→ Data section:
━━━━━━━━━━━━━━━━━━━━

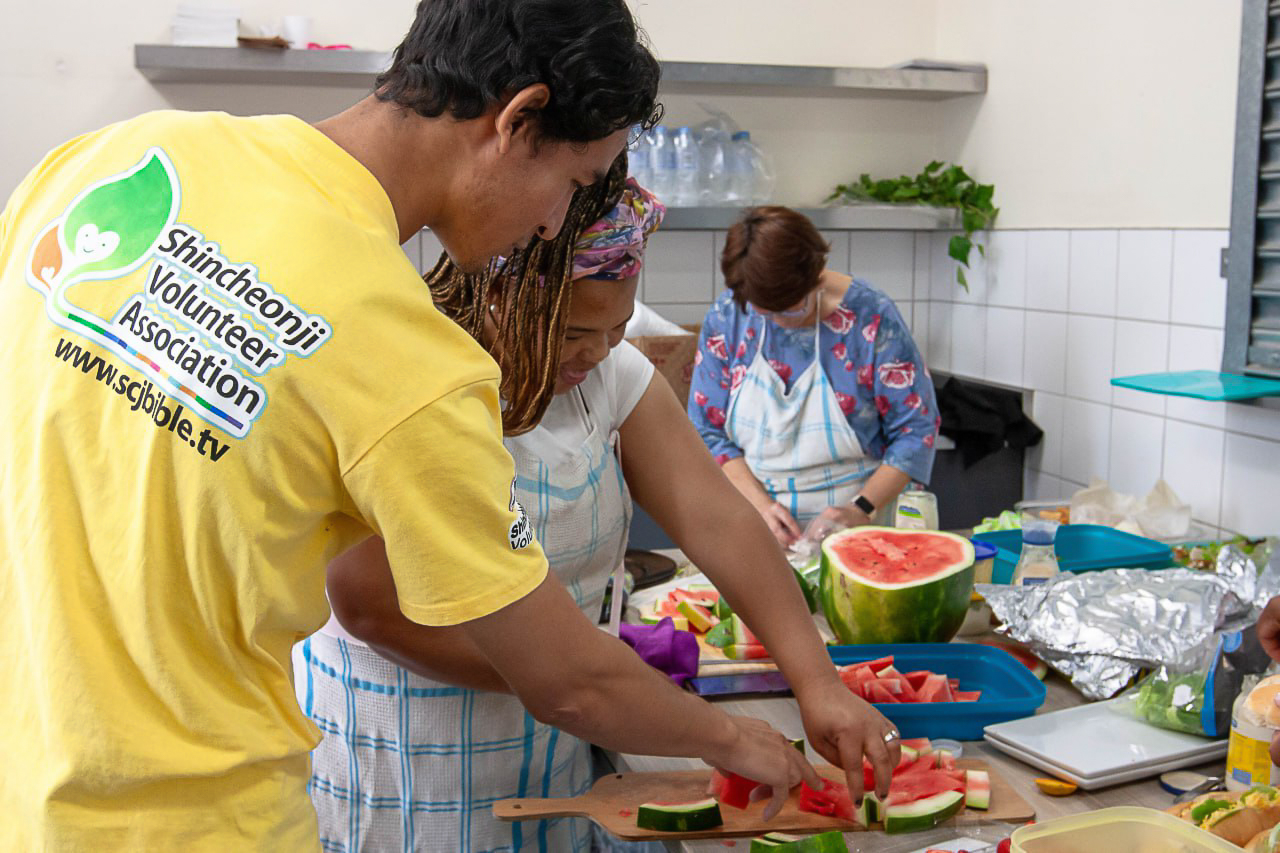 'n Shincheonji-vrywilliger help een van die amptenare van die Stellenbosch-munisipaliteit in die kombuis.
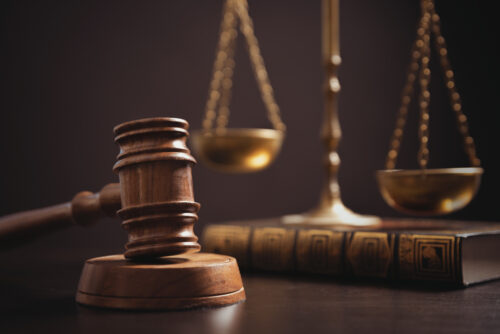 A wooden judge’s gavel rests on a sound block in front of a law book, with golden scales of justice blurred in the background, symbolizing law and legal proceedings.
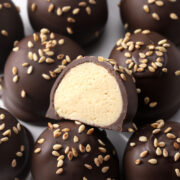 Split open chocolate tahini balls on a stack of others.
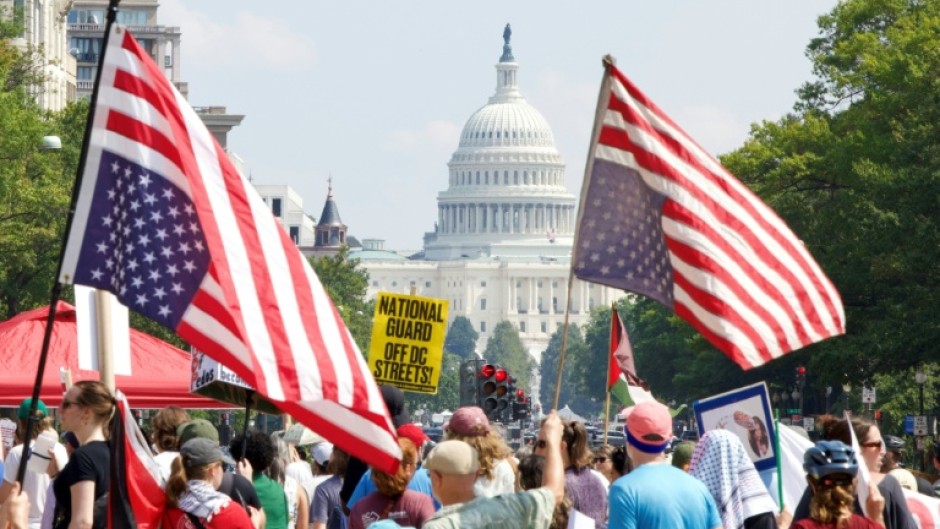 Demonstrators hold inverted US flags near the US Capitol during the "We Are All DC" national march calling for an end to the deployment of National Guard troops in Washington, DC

━━━━━━━━━━━━━━━━━━━━

→ What the exercise asks:
Only the lines from the line containing "Split open chocolate" through the end of the material should be retyped, exactly and in full, with no pictures.

→ Task solution:
 Split open chocolate tahini balls on a stack of others.
 Demonstrators hold inverted US flags near the US Capitol during the "We Are All DC" national march calling for an end to the deployment of National Guard troops in Washington, DC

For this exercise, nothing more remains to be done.